## WHAT YOU HAVE TO DO
Return all the lines below exactly. Any picture among them is omitted.
**** STORED DATA
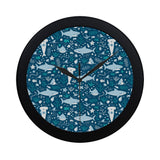 Cute shark pattern Elegant Black Wall Clock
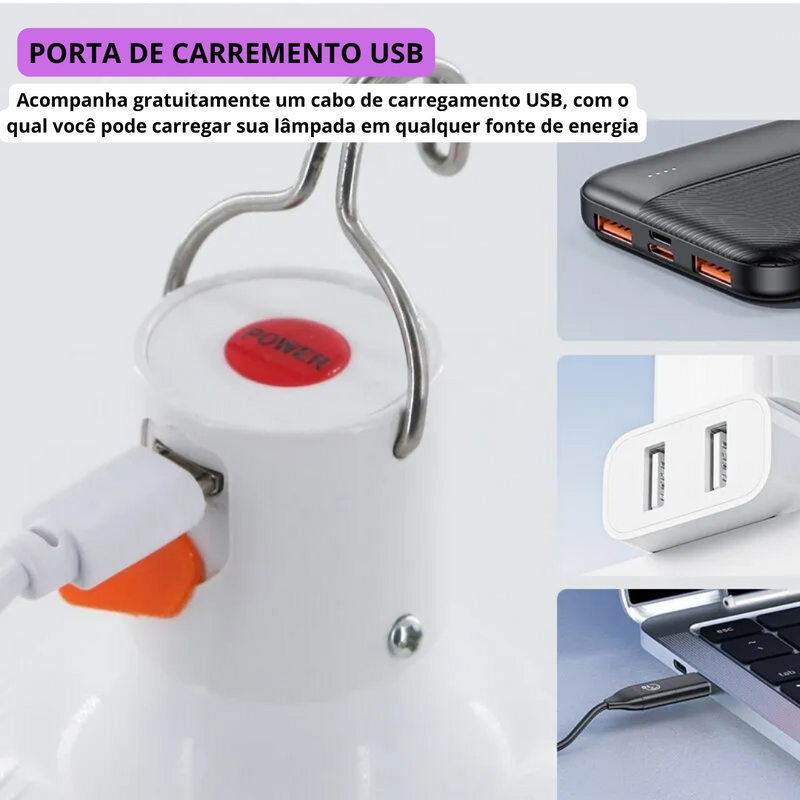 Lâmpada Portátil Led Recarregável Original + Cabo USB (Brinde)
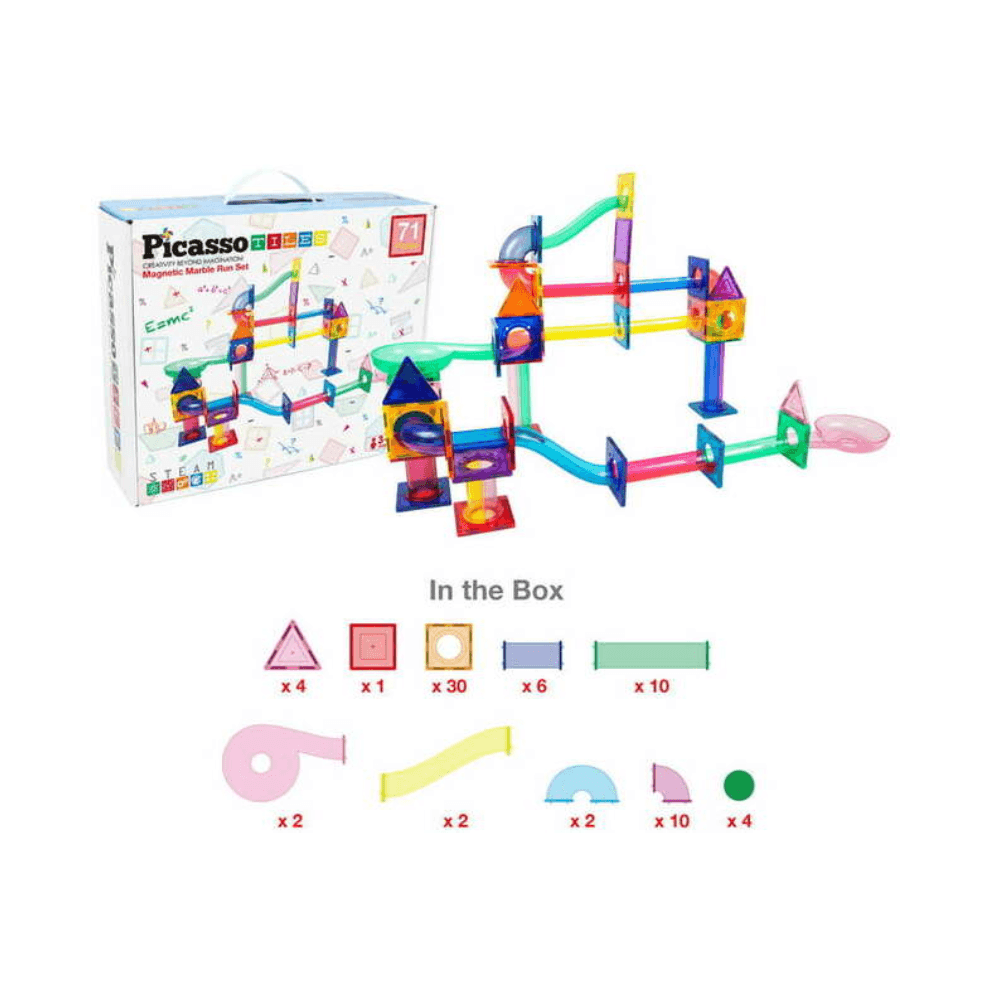 Picasso Tiles Marble Run Magnetic Building Blocks Set 71Pcs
********
## EXPECTED ANSWER
 Cute shark pattern Elegant Black Wall Clock
 Lâmpada Portátil Led Recarregável Original + Cabo USB (Brinde)
 Picasso Tiles Marble Run Magnetic Building Blocks Set 71Pcs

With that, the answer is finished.